Typically, a bumper assembly with a sacrificial element of the known type comprises a pair of crash boxes, a cross member, a cushioning element (for example made of foam or the like) and a bumper shield. In the bumper assembly of the abovementioned known type, the two crash boxes are fixed to the ends of two respective longitudinal members of the vehicle chassis by means of two respective plates. The cross member is joined to the opposite side of the crash boxes and extends continuously from one crash box to the other. The cushioning element made of foam or the like, when envisaged, is constrained to the outside of the cross member. The bumper assembly is moreover completed by a bumper shield having primarily aesthetic and aerodynamic functions. The cushioning element, for example made of expanded polypropylene or the like, is characterized by a marked capacity to return resiliently into the initial non-deformed position at the end of an impact acting on it at very low speeds (speeds less than 4–5 km/h) and occurring for example during parking manoeuvres.
Conventionally, both the crash boxes and the cross member are made of metallic materials, typically sheet steel or aluminium. Generally, the presence of a cross member allows the impact pressure to be spread in a more uniform and equally distributed manner. In terms of order of magnitude, the force acting on the crash boxes relative to the surface area of the crash boxes (with no cross member) is equal to about 20 N/mm2, but decreases to about 3–5 N/mm2 when the cross member is present, owing to the improved impact surface area. Such a pressure is compatible with the rigidity (1–6 N/mm2) of a deformable NCAP barrier (“impactor”) used for simulation of a real impact. Therefore, the need to provide a cross member between two crash boxes is determined firstly by the fact that, in the case of real impacts involving two cars, the cross member of the striking vehicle simulates the rigid impact of a so-called “insurance test”.
Moreover, the cross member ensures an improved distribution of the impact, even if offset. In fact, usually the barrier (or impactor) used to carry out the insurance impact tests covers 40% of the vehicle. For this reason, on account of the geometry of the bumpers, an offset impact does not occur against the boxes, but the first contact during impact occurs at about 2–3 cm from the latter.
Finally, in the case of an impact with a pole in a substantially central zone, the cross member allows the force to be distributed over the two lateral crash boxes for improved protection of the vehicle.
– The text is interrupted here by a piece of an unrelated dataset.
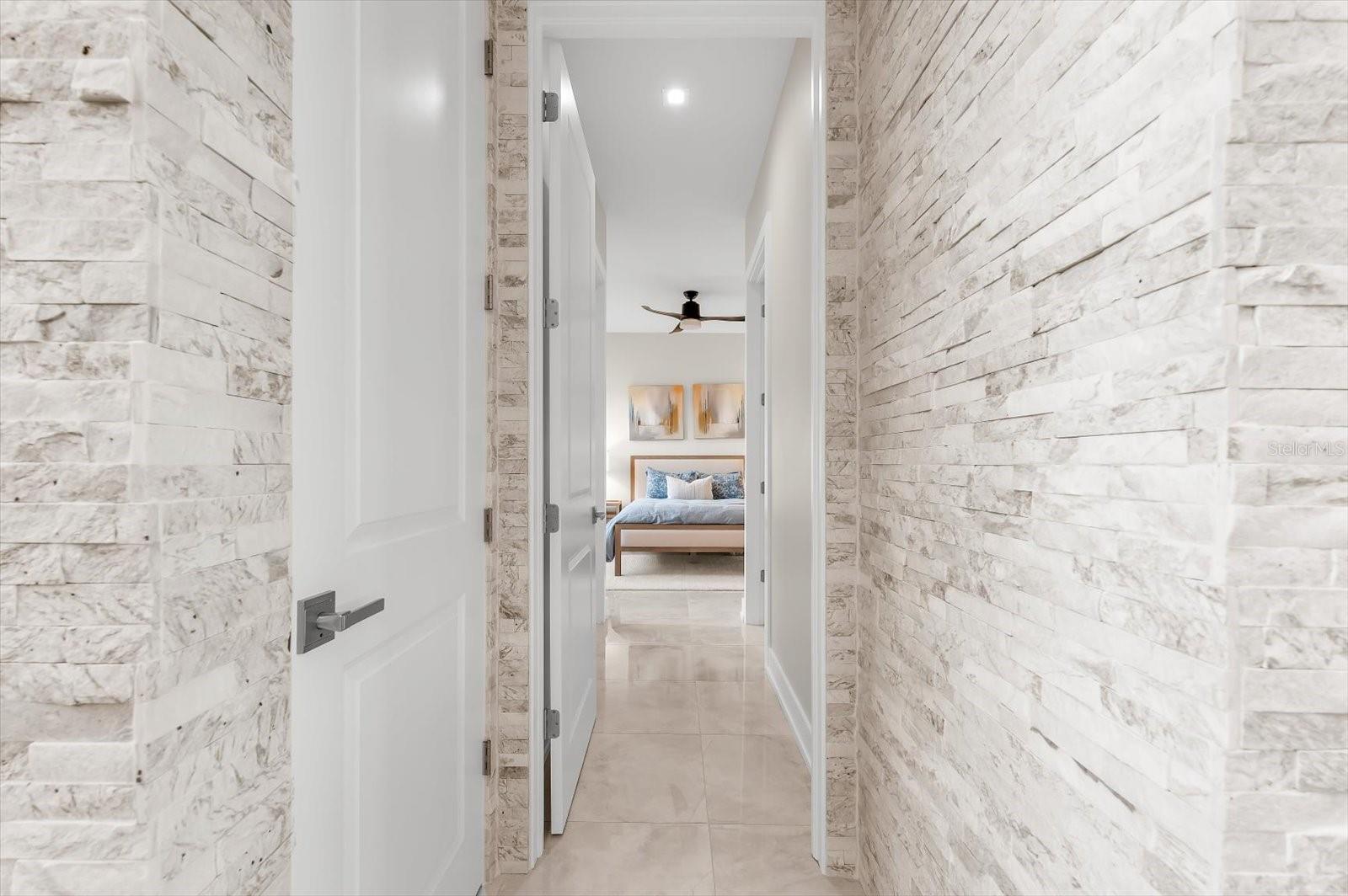 Image 26 of 87 For 402 Hillsborough Street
In the known solution described above, the cross member is fixed to the distal end of the crash boxes by means of a conventional mechanical fixing system, for example by means of welding, screws and bolts or the like. For the purpose of the present patent application, the adjectives “distal” (or “external”) and “proximal” (or “internal”) must be understood with reference to a vehicle (not shown in its entirety). In other words, the “distal” side is the side furthest from the vehicle, while the “proximal” side is the side closest to the said vehicle.
The known solutions described above (metal crash boxes, plates for fixing the crash boxes to the longitudinal members and metal cross members fixed to the distal ends of the crash boxes) are satisfactory from the point of view of the impact resistance, but are considered to be somewhat awkward to assemble, heavy, costly and not easily adaptable to new vehicle models.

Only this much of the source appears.